There also exist other planes of existence - the Spirit Plane, the Shadow Plane, even Hell - although most of these can be accessed only by members of the appropriate class. Again, although still in their initial design stages, these planes all offer various ways to upgrade your characters.
Combat is where God Wars II really shines. I've never played a mud that places more freedom in the hands of the player. You can independently control four separate locations: left arm, right arm, head, feet (and sometimes other body parts, such as tails). That is to say, with the right amount of practice, you can execute an acrobatic flip over your opponent at the same time as you stomp him with your feet, launch a throwing knife at him with your right arm, perform the appropriate arcane gestures to freeze him with your left hand, and then bite a chunk out of his cheek on your way back down to the ground. You can circle enemies, duck down and grab dirt, lop off body parts (hands, legs, heads, etc...), sweep your opponents, and this is still only the beginning. If you can think of it in real life, there's a good chance you'll be able to do it in God Wars II.
The four classes - Mage, Werewolf, Vampire, Demon - all seem to be (surprisingly, I might add) remarkably well-balanced. Four more classes (Druid, Werecat, Lich, Dragon) are currently on their way. During the last nine months I have played three of the four classes, and have died numerous times at the hands of those both older and younger than myself ('divine age' is the equivalent of 'experience levels' in God Wars II ... after earning enough Primal, you can choose to spend it on either aging your character or gaining various class-related powers). Despite these deaths, never once did I feel that they were because of a game-mechanics flaw. Player skill (i.e. the person sitting behind the monitor) is important in this mud, and a player who has no idea what he or she is doing (despite having a god-like character with amazing stats) will quickly be torn to pieces in the Nexus. And, in my opinion, that's awesome. Still, the majority of god-like characters tend to be piloted by players who know exactly what they're doing.
God Wars II has a steep-learning curve due to its complexity. Even to experienced mudders it will take quite a bit of getting used to. To combat this confusion, the helpfiles are more than sufficient, and usually possess an answer to almost any query that you may have.
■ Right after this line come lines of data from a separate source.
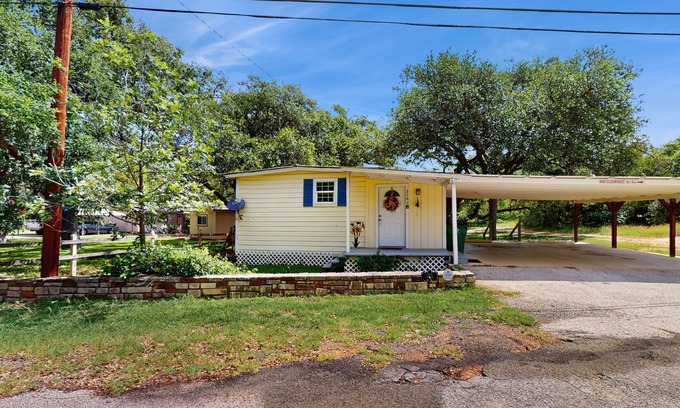 Kingsland House | Welcoming Family Retreat with WiFi & Shared Boat Access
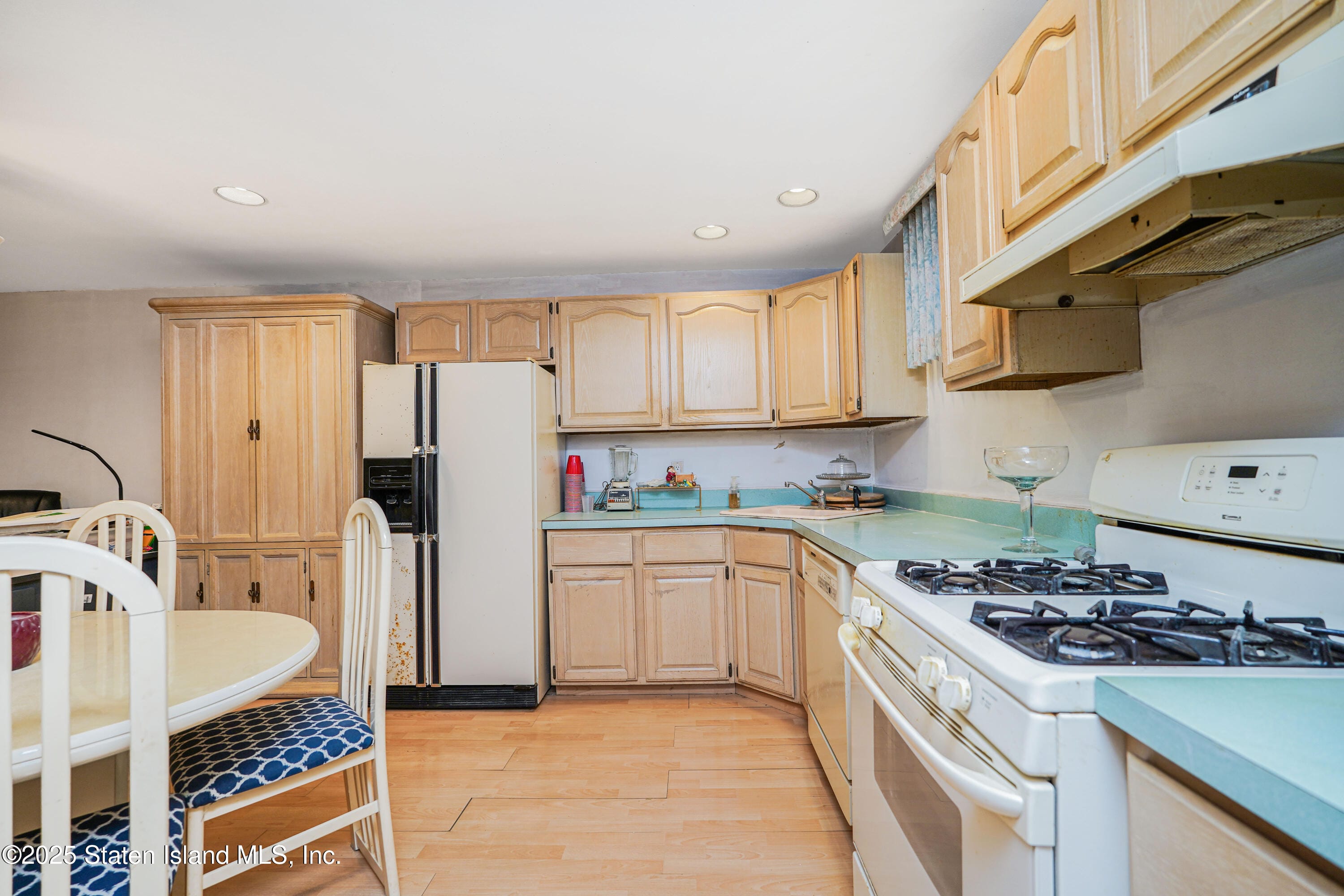 422 Harold Avenue, Staten Island, NY, 10312 image 32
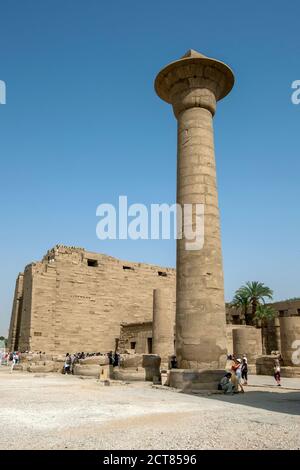 Die eine verbliebene Papyrus-Säule des Kiosks von Taharqa bei den alten Ruinen des Karnak-Tempels (Tempel des Amun) in Luxor in Ägypten. Stockfoto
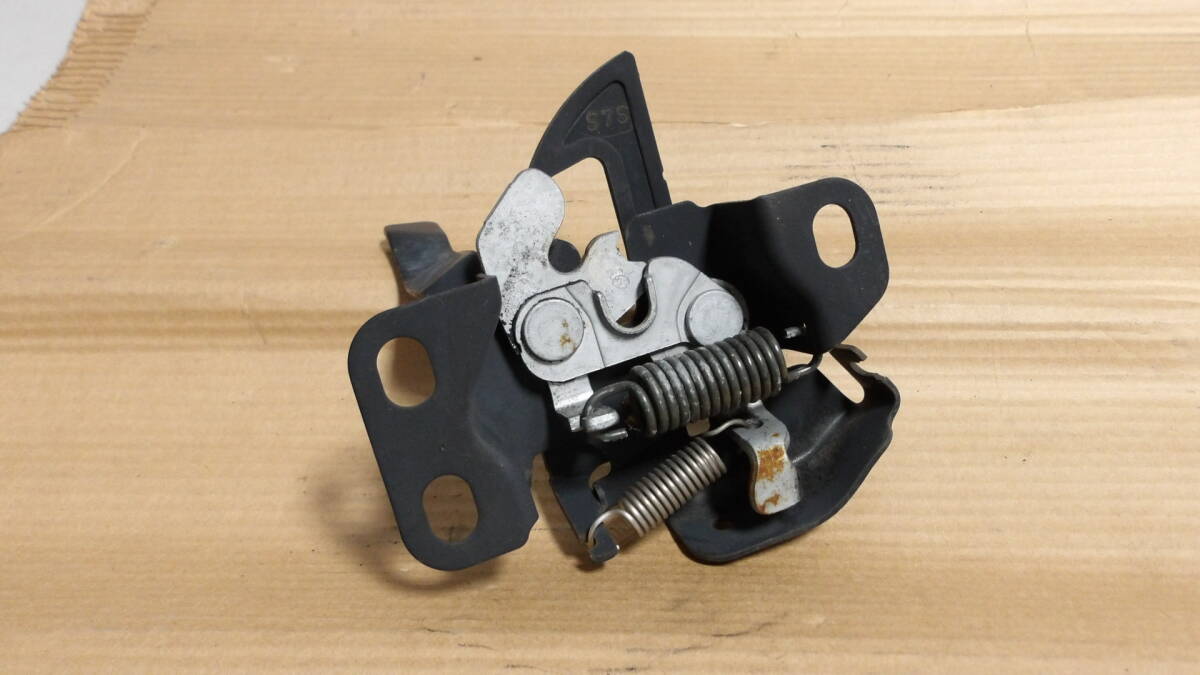 ステップワゴンスパーダRF5ステップワゴンRF6スパーダRF7純正ボンネット ロックRF8フード キャッチ部品取り車あります拍卖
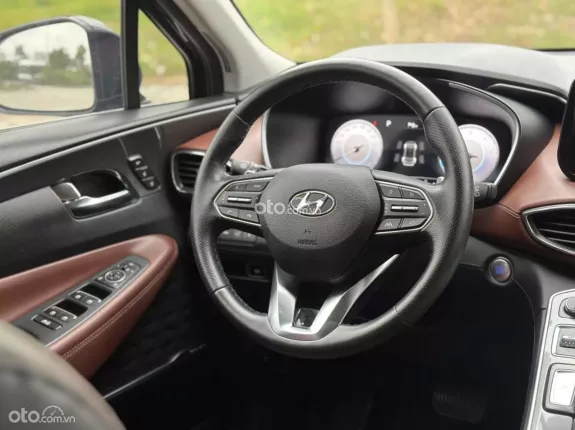 Hyundai Santa Fe 2.2 Dầu Cao cấp 2022 - Odo 7v km zin full lịch sử hãng - lốp theo xe cả dàn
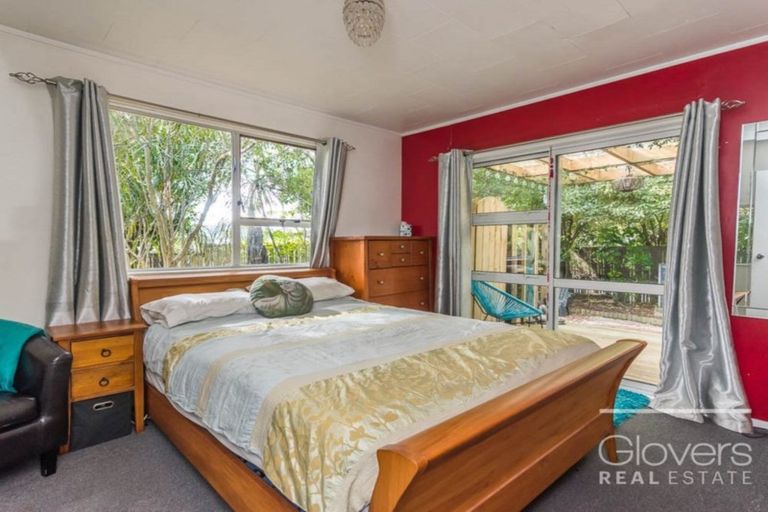 Photo of property in 47 Kamara Road, Glen Eden, Auckland, 0602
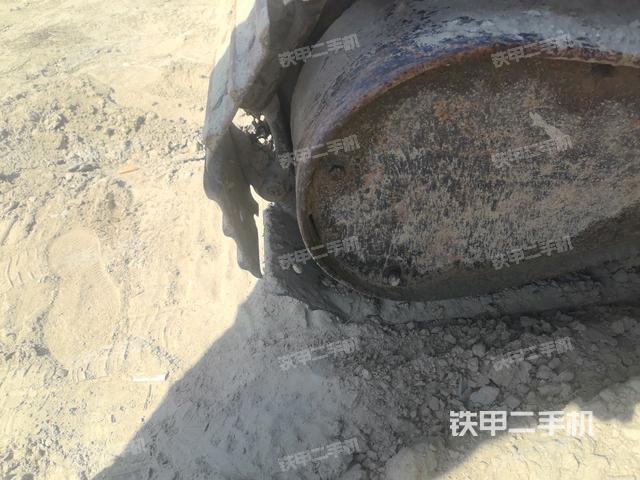 左側(cè)行走馬達(dá)蓋板(行走機(jī)構(gòu)) 左側(cè)行走馬達(dá)蓋板(行走機(jī)構(gòu))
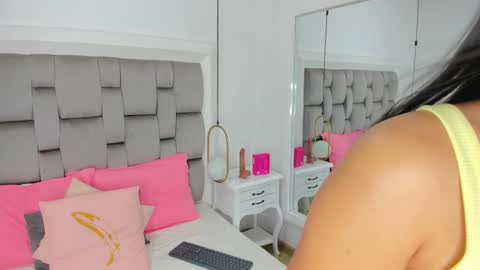 GABRIELA  online show from 02-25-26, 11:31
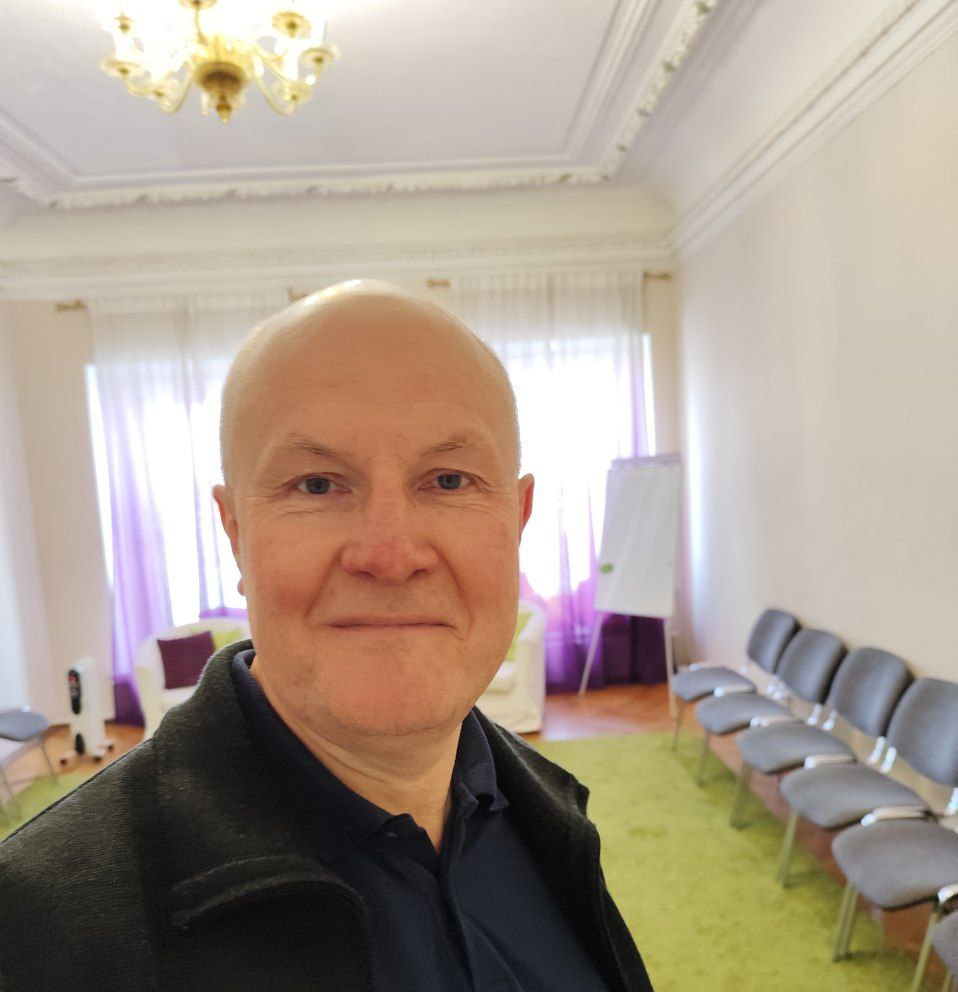 Как вытащить себя из "страны дураков"?  
Каждый из нас обитает в своём собственном мире, который, в свою очередь, отражается в нашей реальности | Сетка — социальная сеть от hh.ru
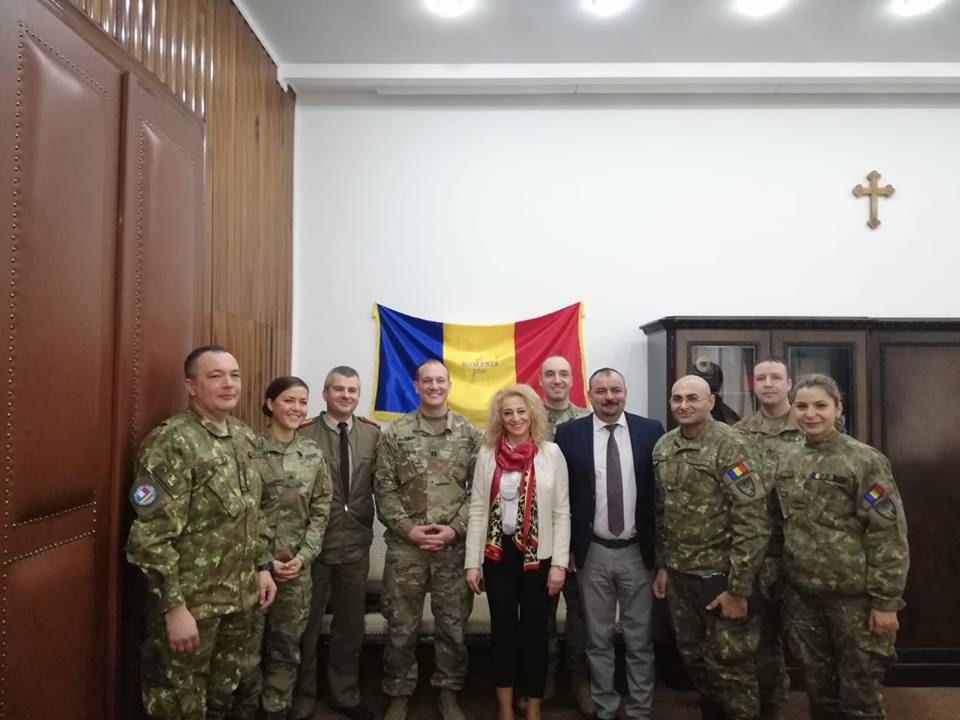 ARADCU 00 MILITARI ROMANIA AMERICA USA PREFECT FLORENTINA HORGEA SUBPREFECT PREFECTURA ARAD LU11FEB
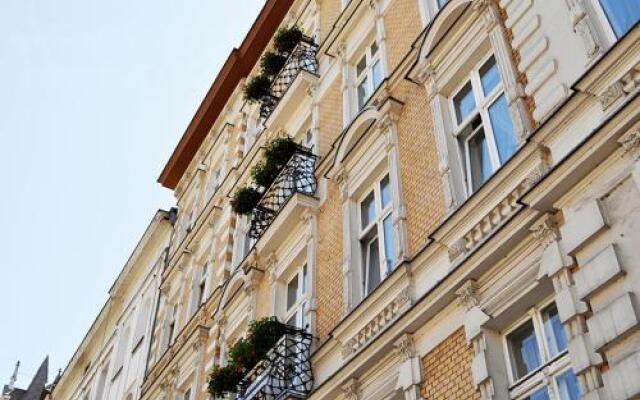 Отель Kamienica Bankowa Residence Познань вид на фасад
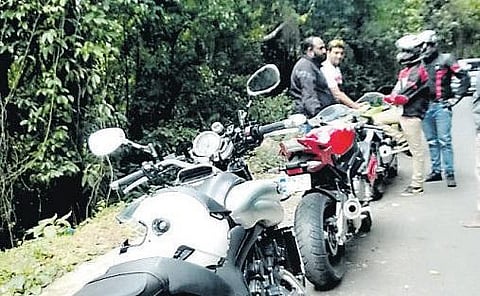 கொடைக்கானலில் குவியும் `லாங் ரைடு ரேஸ் பைக் இளைஞர்கள்﻿: மலைச் சாலைகளில் சாகசம் செய்வதால் விபத்து அபாயம்﻿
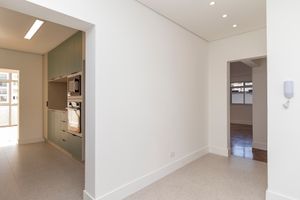 Image 39 - 915201
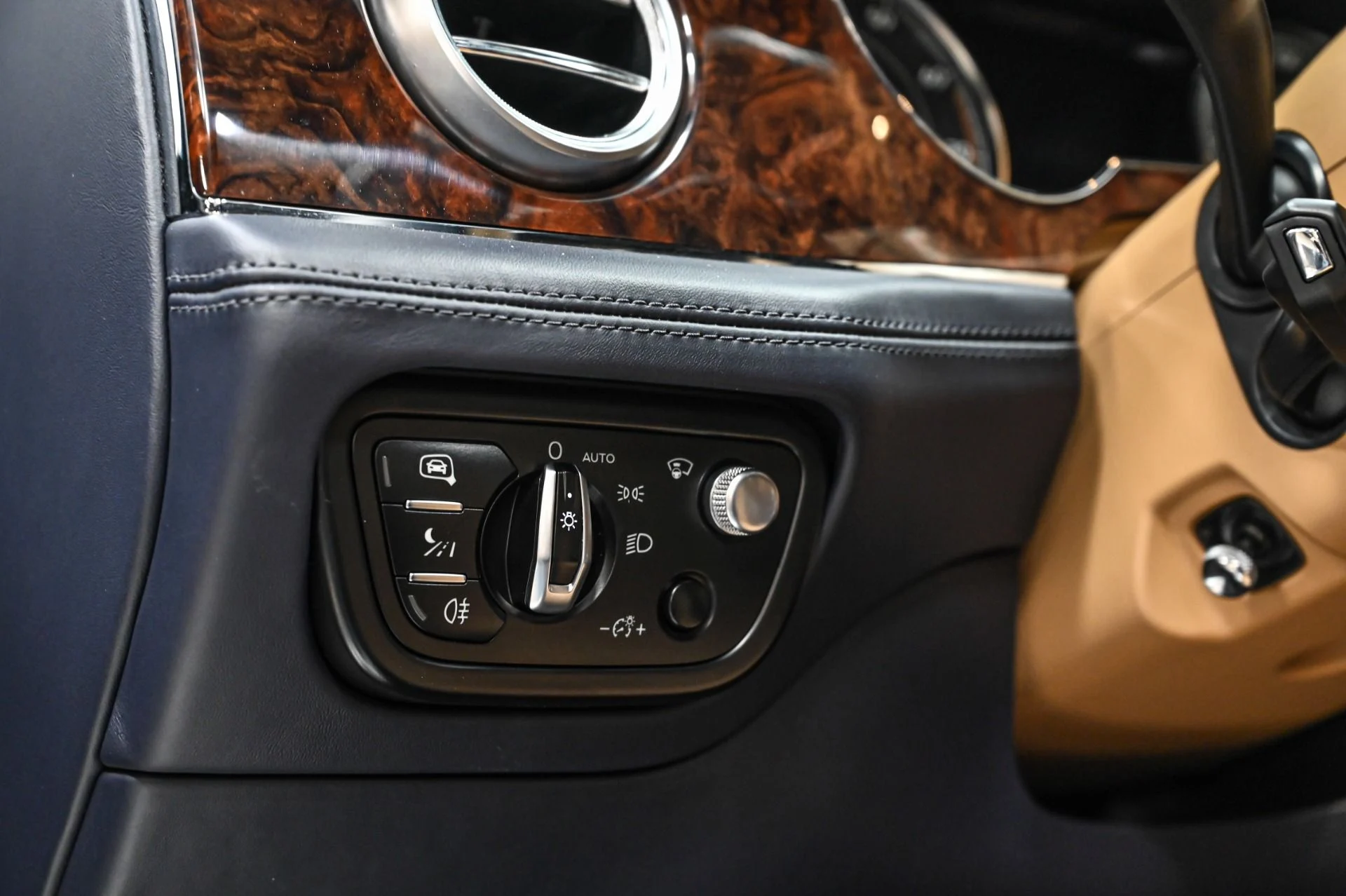 mph044_3080971144_Used_2018_Bentley_Bentayga_W12_1758835166_7557511fec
At times, though rarely, they are lacking in specific details ... but this can be remedied by a quick question over the global channel. The players, many of them utterly merciless in the Nexus, still make every effort possible to answer questions and help newbies learn how to play.
Nonetheless, this is a mud that requires patience. And if you've had the patience to read this entire review up until this point, then maybe God Wars II is worth a visit. I don't think you'll be disappointed. It offers incredible combat and extremely advanced character customization. This is one mud that I've stuck with for a while, and have no plans of going anywhere in the future. The playerbase is interesting and will keep you on your toes, the administration is always willing to answer questions and is *constantly* updating the mud, and the game- mechanics are nothing short of spectacular. All in all, God Wars II is one of the few unique muds out there that deserves both recognition and praise. It's not to be missed.